Please make sure what you return matches the listing below exactly, minus its pictures.

• [EXERCISE DATA]
........

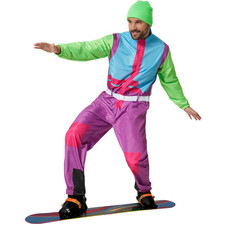 Retro Skianzug Herrenkostüm Retro 80er 90er Ski Anzug Skifahrer Komplettset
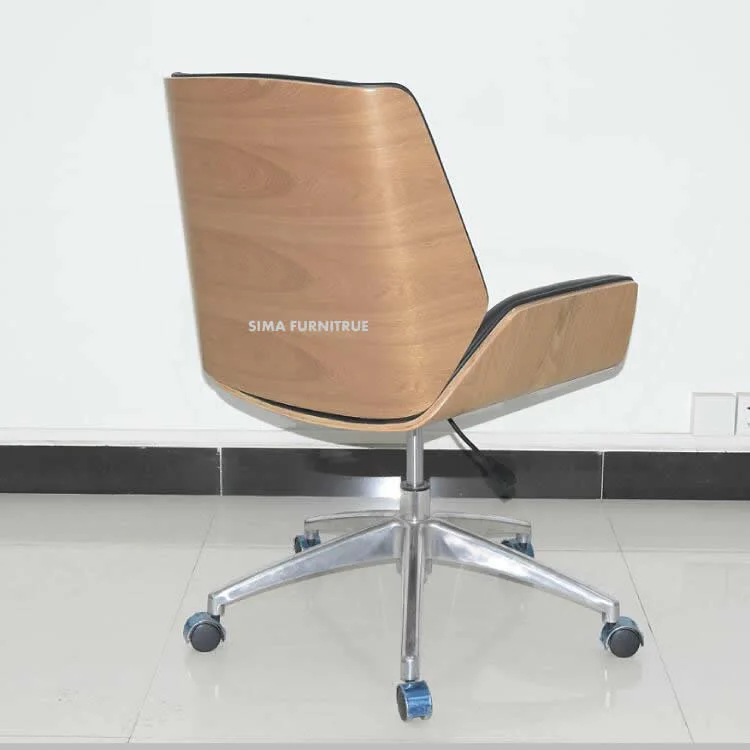 Luxury Bent Plywood Executive Leather Office Chair Conference Chair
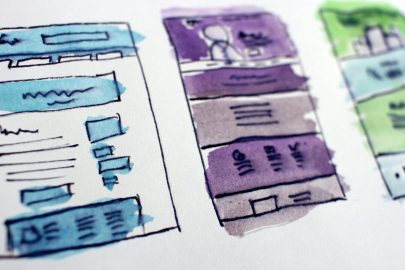 A watercolor mock-up of a web design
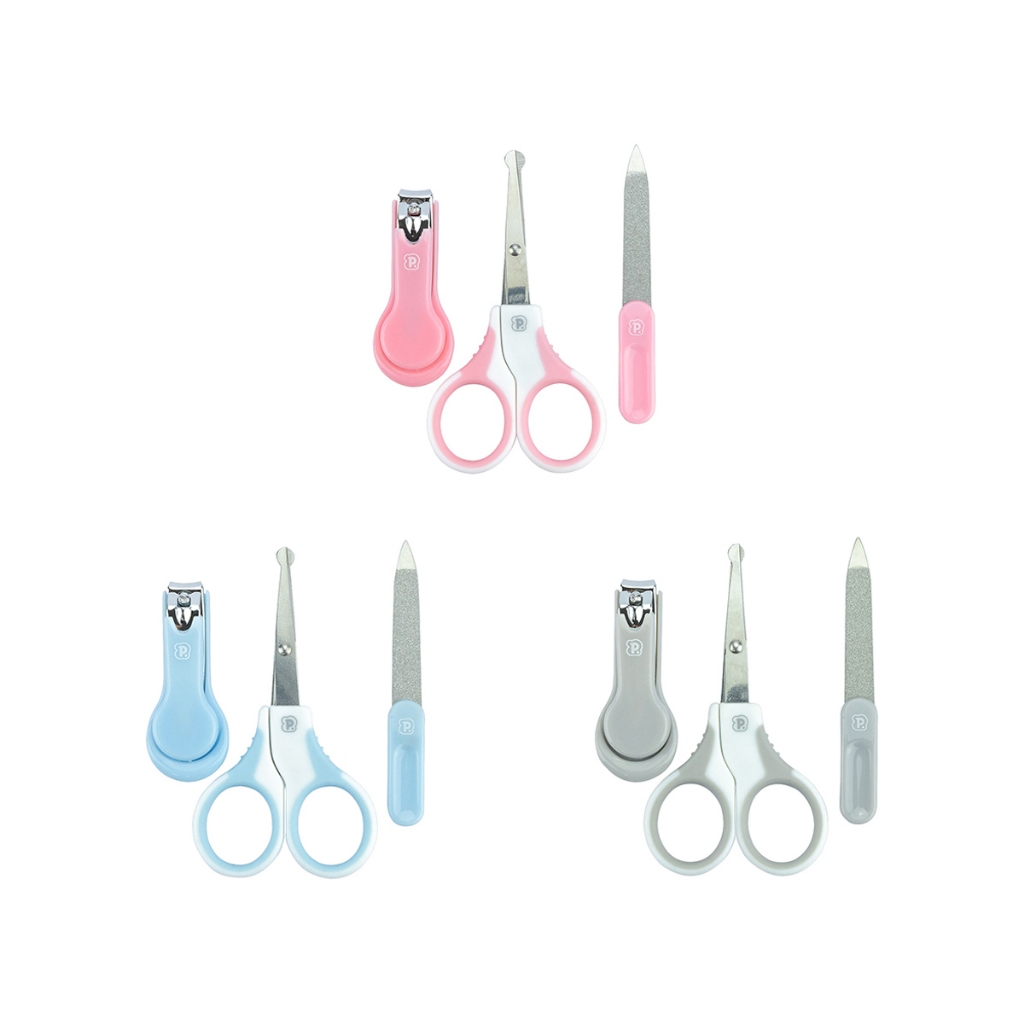 Kit Higiene Bebe 3 Pecas Tesoura Lixa Cortador Pimpolho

........

• [SOLUTION FOR THIS PROBLEM]
 Retro Skianzug Herrenkostüm Retro 80er 90er Ski Anzug Skifahrer Komplettset
 Luxury Bent Plywood Executive Leather Office Chair Conference Chair
 A watercolor mock-up of a web design
 Kit Higiene Bebe 3 Pecas Tesoura Lixa Cortador Pimpolho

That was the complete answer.